BEGIN

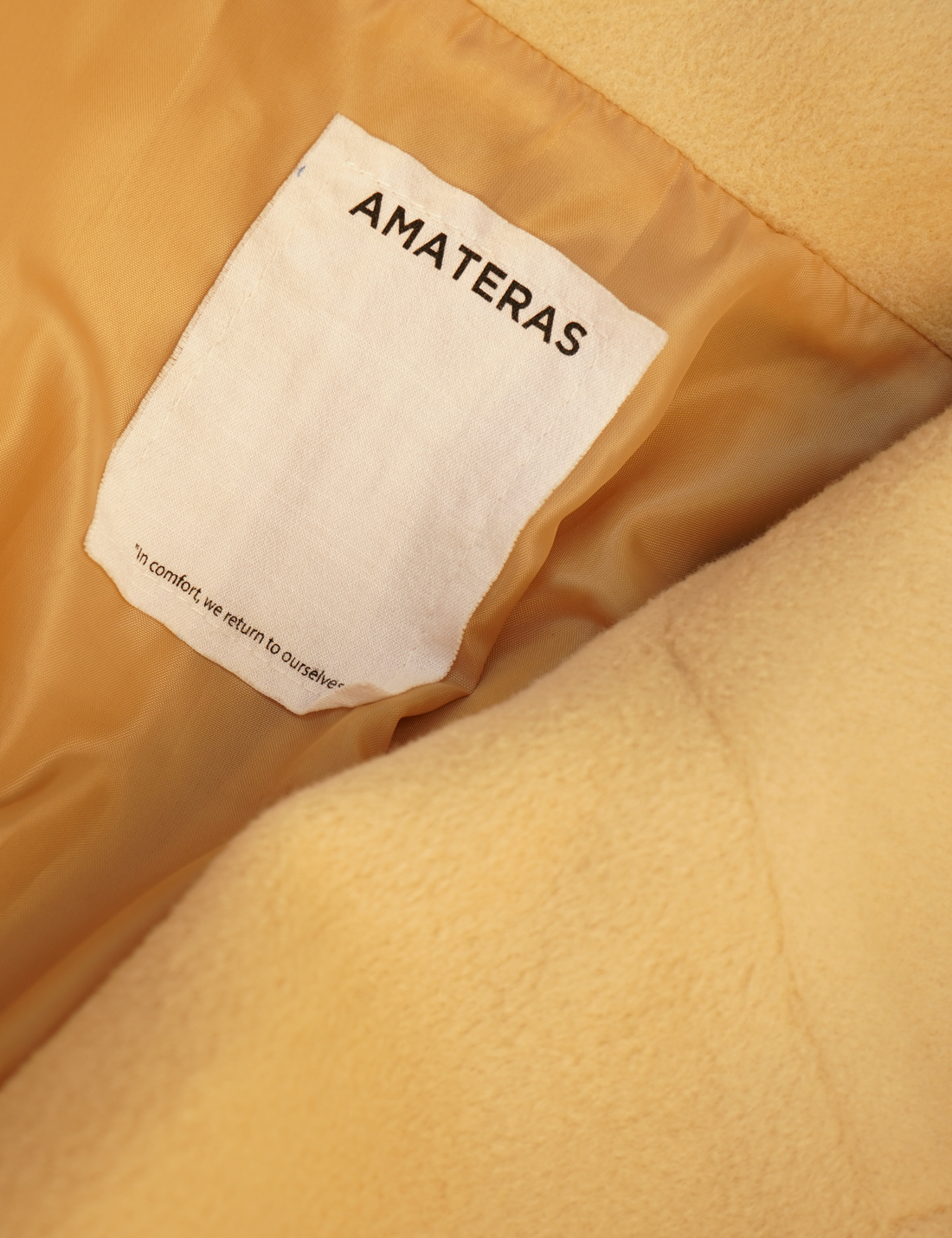 【11月中旬発送】Elegant Kimono Long Coat / 蜂蜜色(yellow)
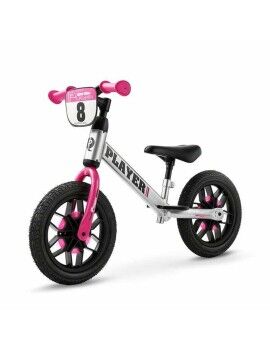 Bicicleta Infantil New Bike Player Luces Rosa 10"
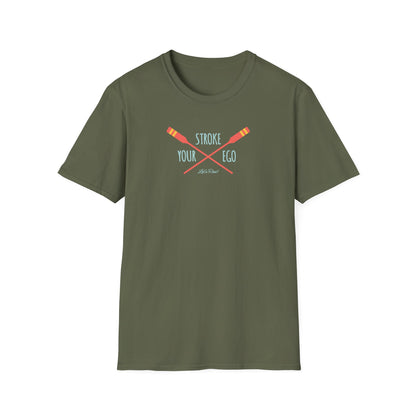 Stroke Your Ego — Bold Edition | Premium Rowing Tee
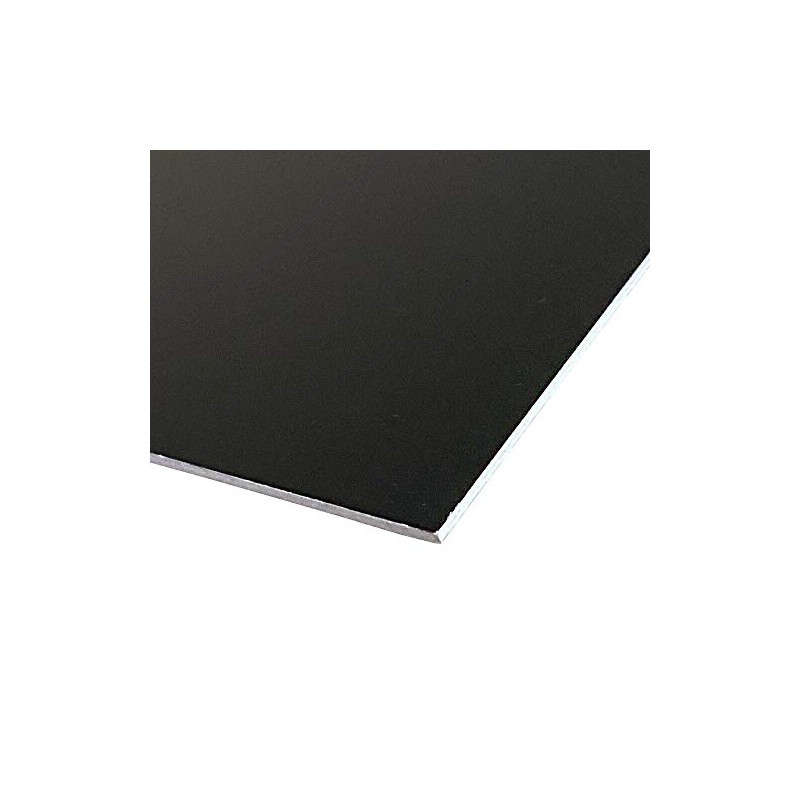Aluminium sheet strips, black, aluminium Ral 9005 deep black, 1.0
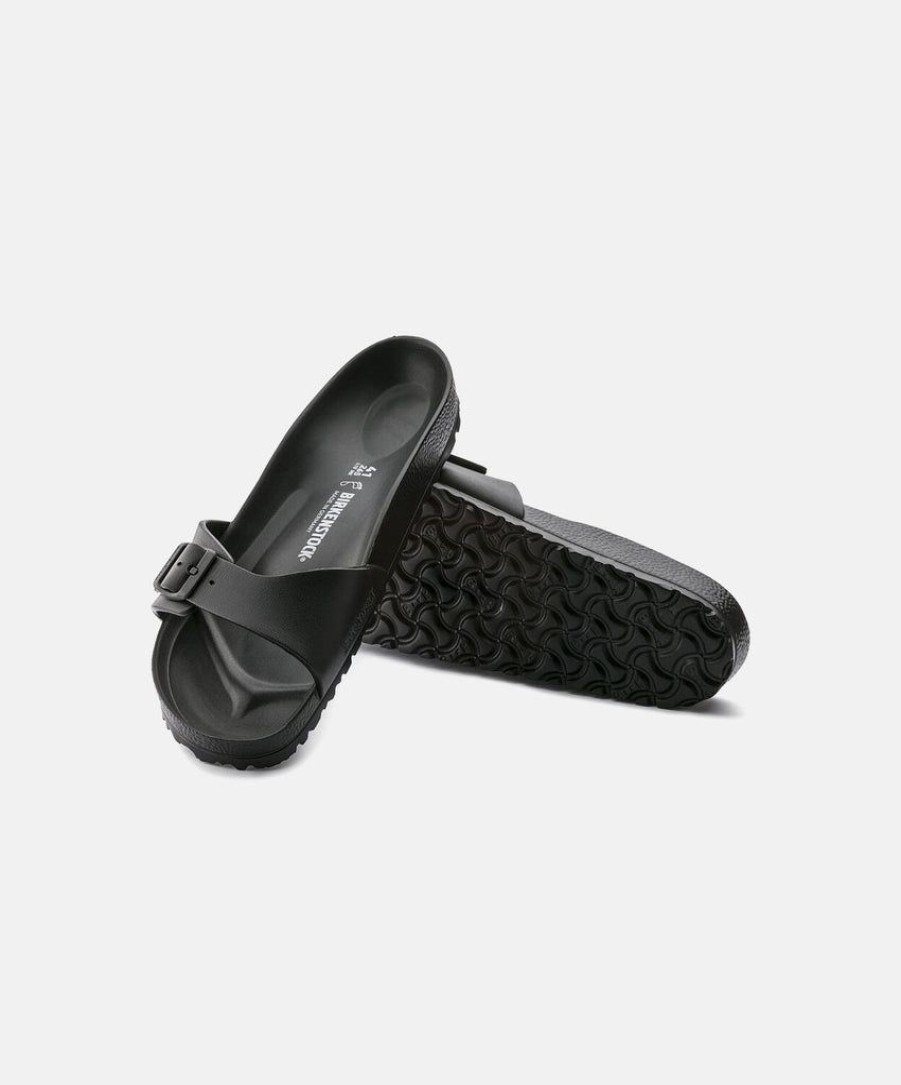 Women Birkenstock Slides | Birkenstock Madrid Eva Black Sandals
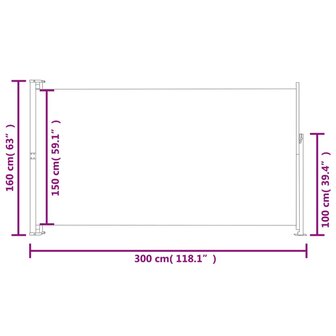 Tuinscherm uittrekbaar 160x300 cm bruin 7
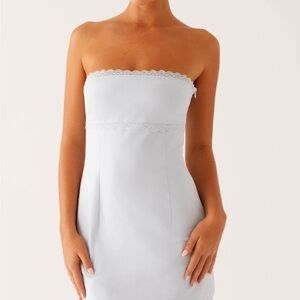 Peppermayo Strapless Light Blue Dress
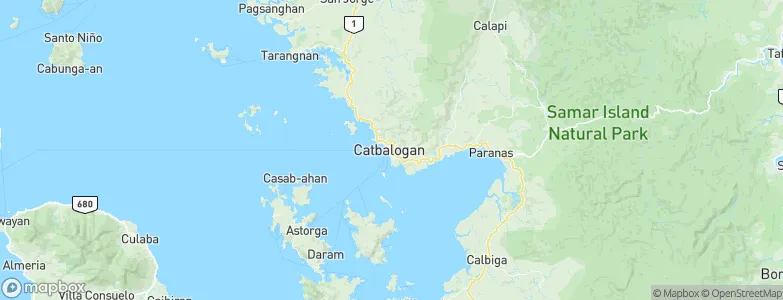 Catbalogan, Philippines Map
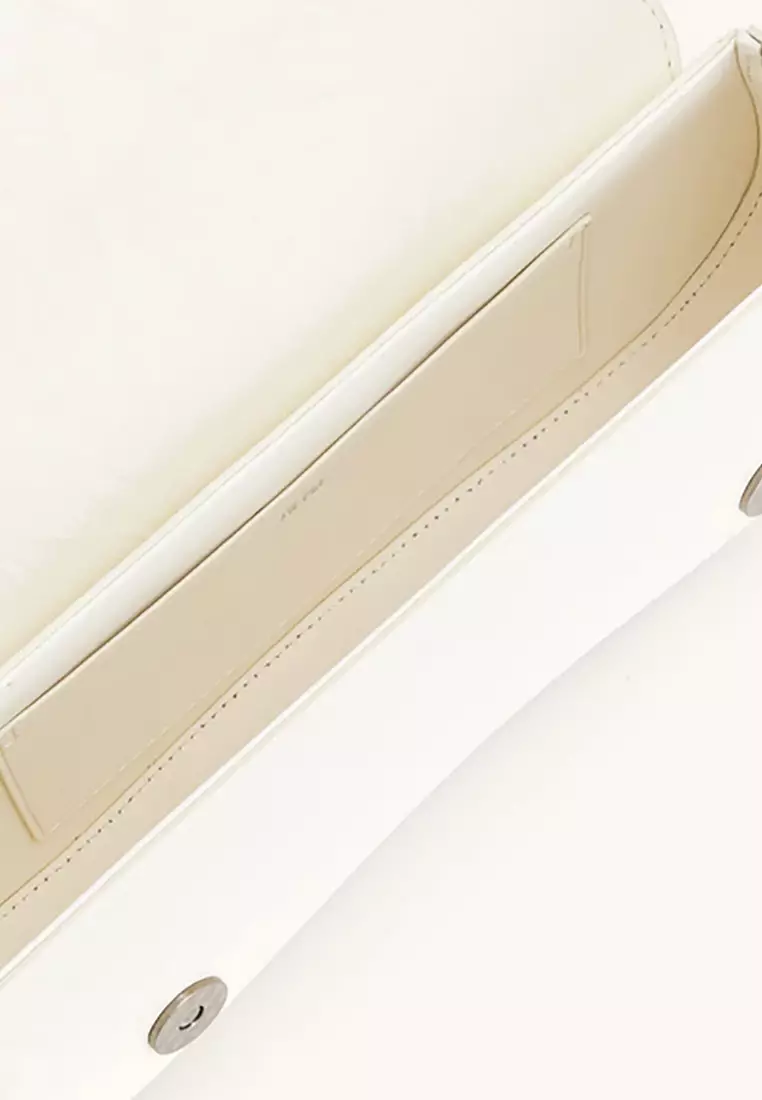 Joy Shoulder Bag - White Crushed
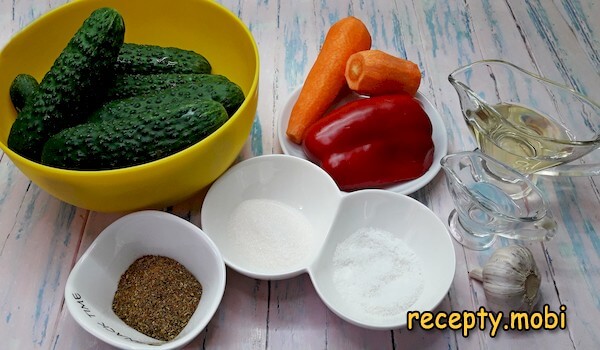 ингредиенты для приготовления огурцов по-корейски - фото шаг 1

END

WHAT YOU HAVE TO DO: Your task is to repeat only the lines from the line containing "Tuinscherm uittrekbaar 160x300 cm bruin 7" through the final line of the material, inclusive; do not include pictures.

REPLY TO THE EXERCISE:
 Tuinscherm uittrekbaar 160x300 cm bruin 7
 Peppermayo Strapless Light Blue Dress
 Catbalogan, Philippines Map
 Joy Shoulder Bag - White Crushed
 ингредиенты для приготовления огурцов по-корейски - фото шаг 1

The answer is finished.